- [TO DO]: The expected output is the line with "full bath featuring" plus all lines after it to the end of the material below, reproduced exactly, with pictures omitted and nothing else included.

- [INFORMATION SUPPLIED]:

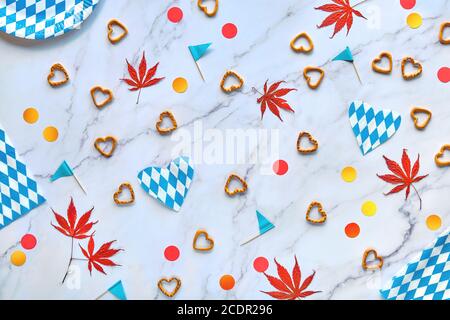 Oktoberfest party background with seasonal decorations, red and yellow confetti and maple leaves. Flat lay on marble table. Bavarian blue white checke Stock Photo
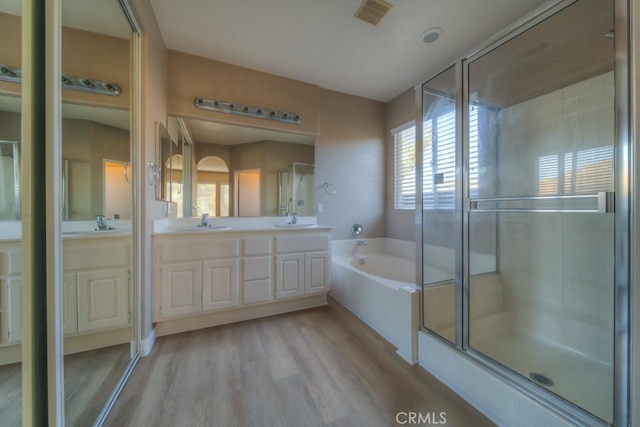 full bath featuring visible vents, a sink, a garden tub, and wood finished floors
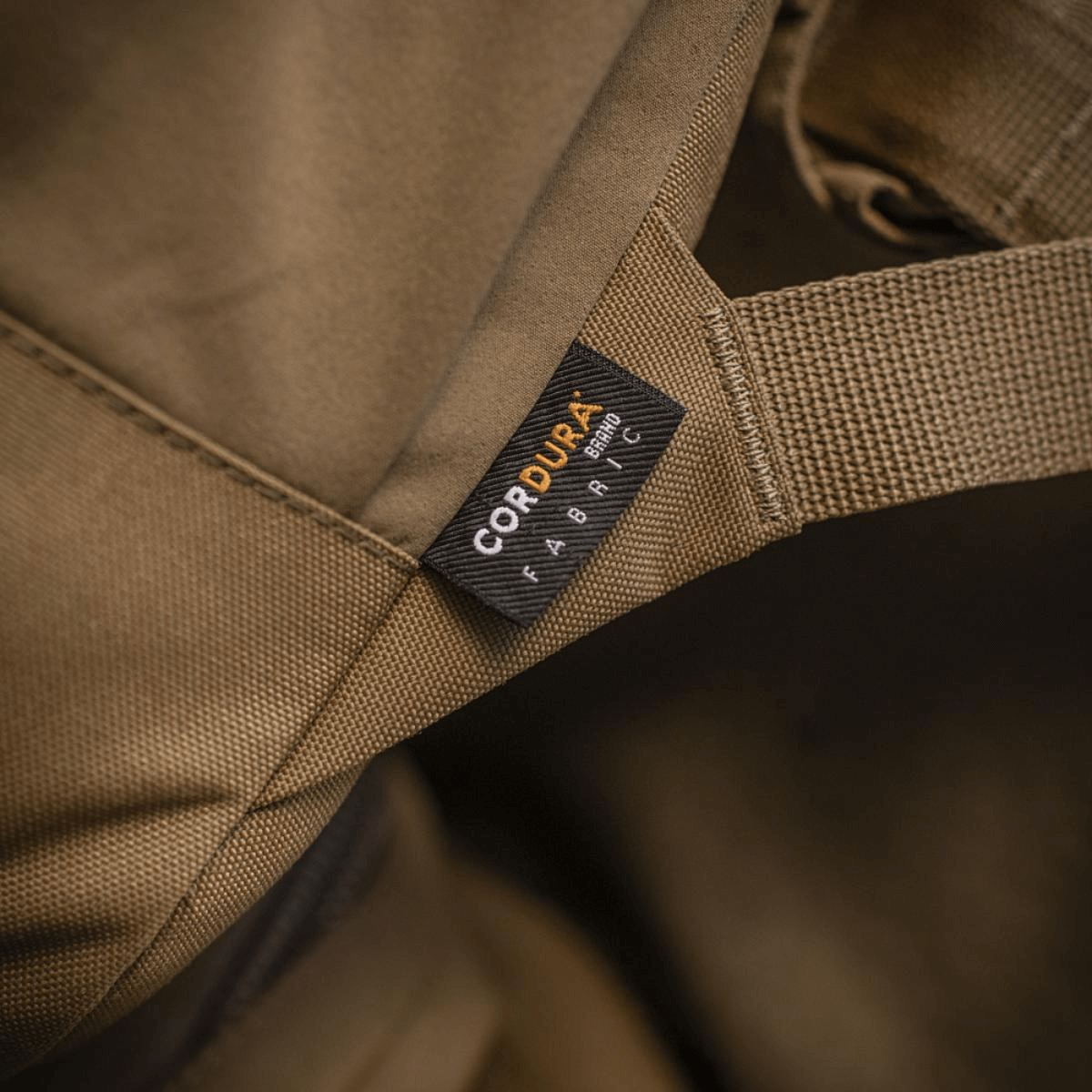 Nærbillede af brun Cordura-stofmærke på en robust taske eller rygsæk, der viser holdbarhed og kvalitet.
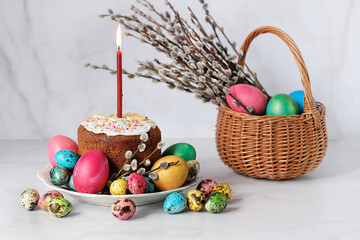 colorful eggs, willow branches in basket and traditional Easter cake kulich with candle on table. Easter holiday concept. festive composition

- [ANSWER TO THIS EXERCISE]:
 full bath featuring visible vents, a sink, a garden tub, and wood finished floors
 Nærbillede af brun Cordura-stofmærke på en robust taske eller rygsæk, der viser holdbarhed og kvalitet.
 colorful eggs, willow branches in basket and traditional Easter cake kulich with candle on table. Easter holiday concept. festive composition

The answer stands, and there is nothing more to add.